Produce as output only the lines below starting at the line with "A Wrinkle in" and continuing through the line with "CAT 730C ساحبات مفصلية", each one exactly as written.

**INPUT**
===============

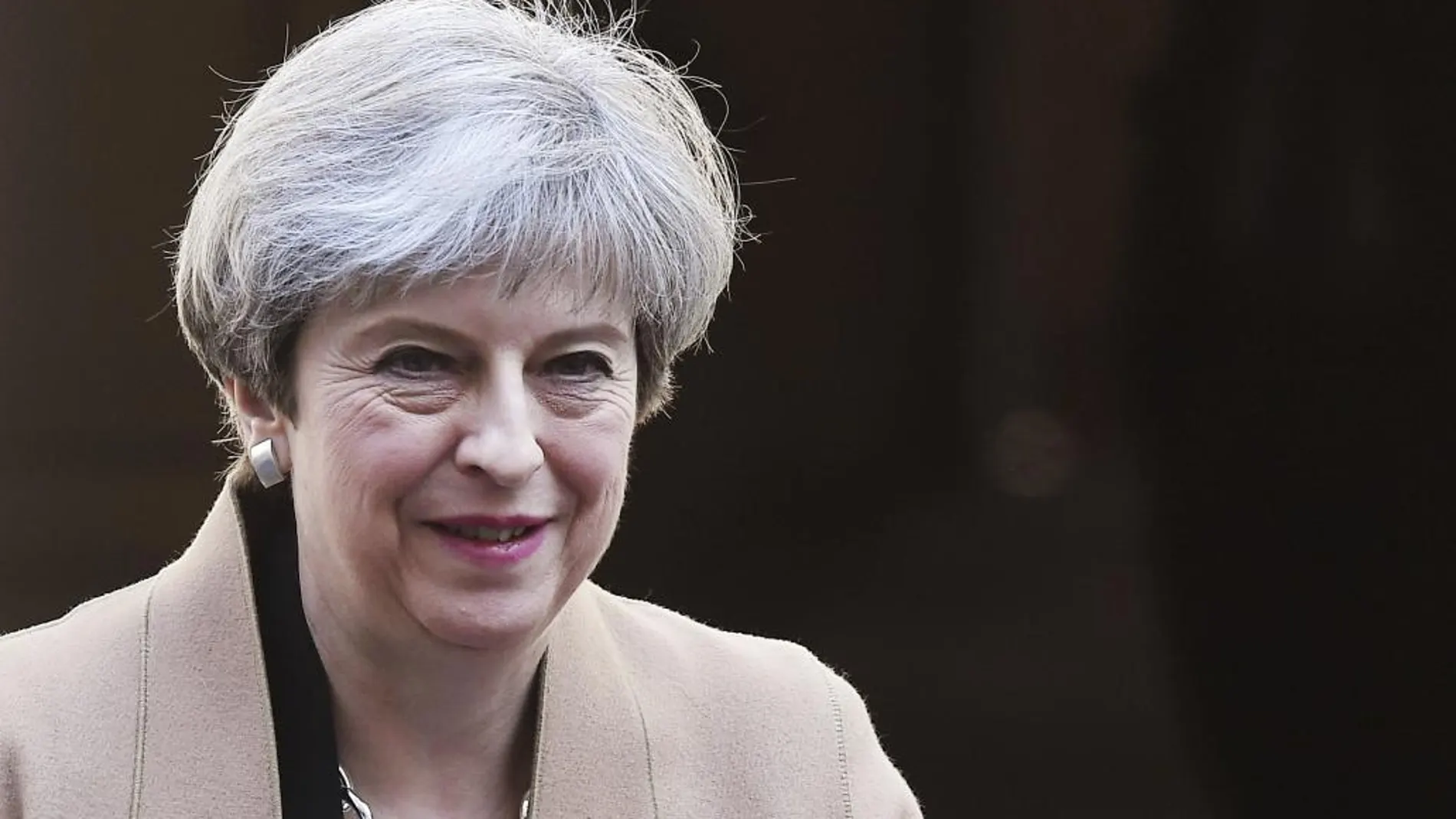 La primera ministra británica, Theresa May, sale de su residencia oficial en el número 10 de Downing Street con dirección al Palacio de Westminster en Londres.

===============

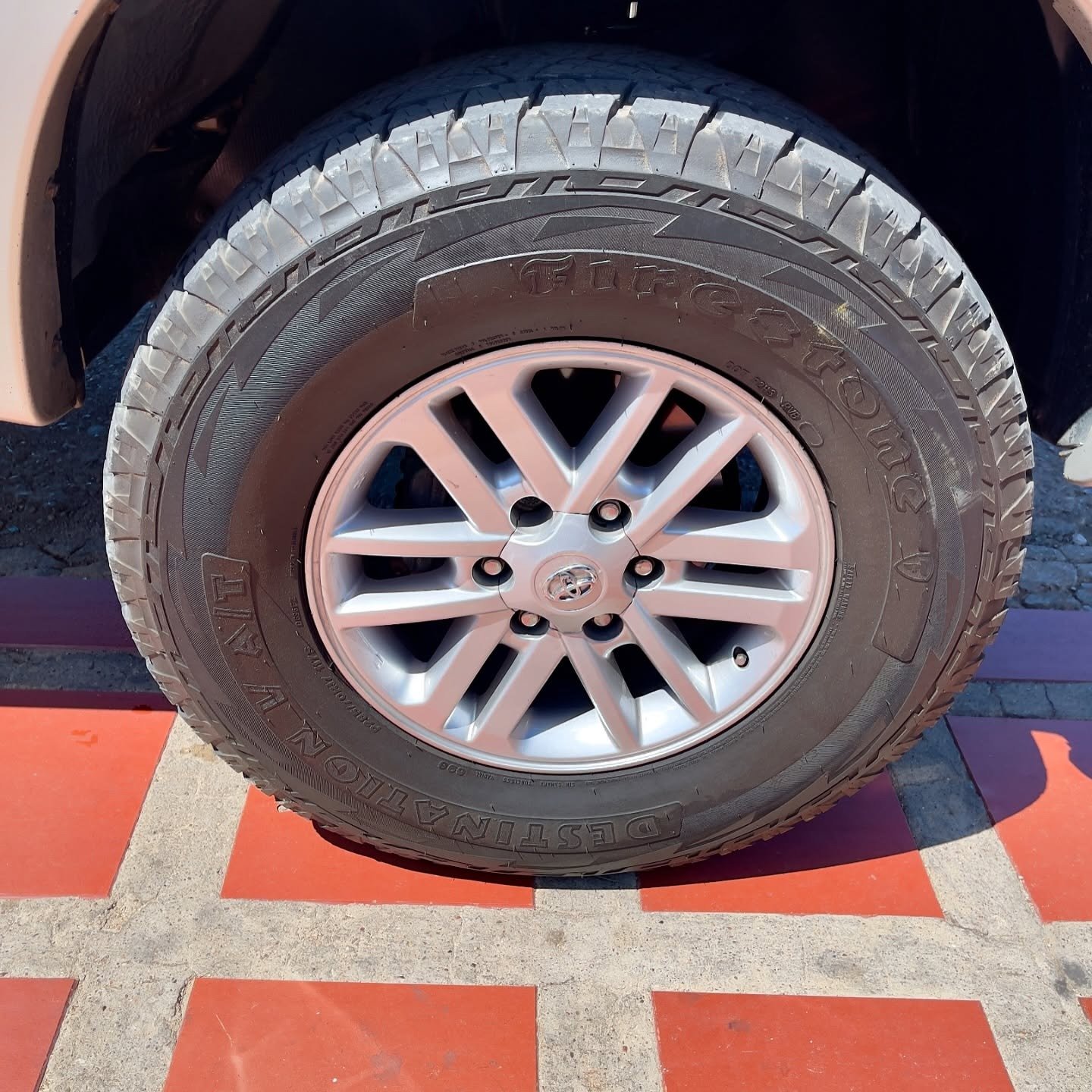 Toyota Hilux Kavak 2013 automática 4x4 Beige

===============

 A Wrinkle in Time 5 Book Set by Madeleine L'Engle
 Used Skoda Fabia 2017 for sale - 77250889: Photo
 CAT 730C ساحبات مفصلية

===============

**YOUR RESPONSE**
 A Wrinkle in Time 5 Book Set by Madeleine L'Engle
 Used Skoda Fabia 2017 for sale - 77250889: Photo
 CAT 730C ساحبات مفصلية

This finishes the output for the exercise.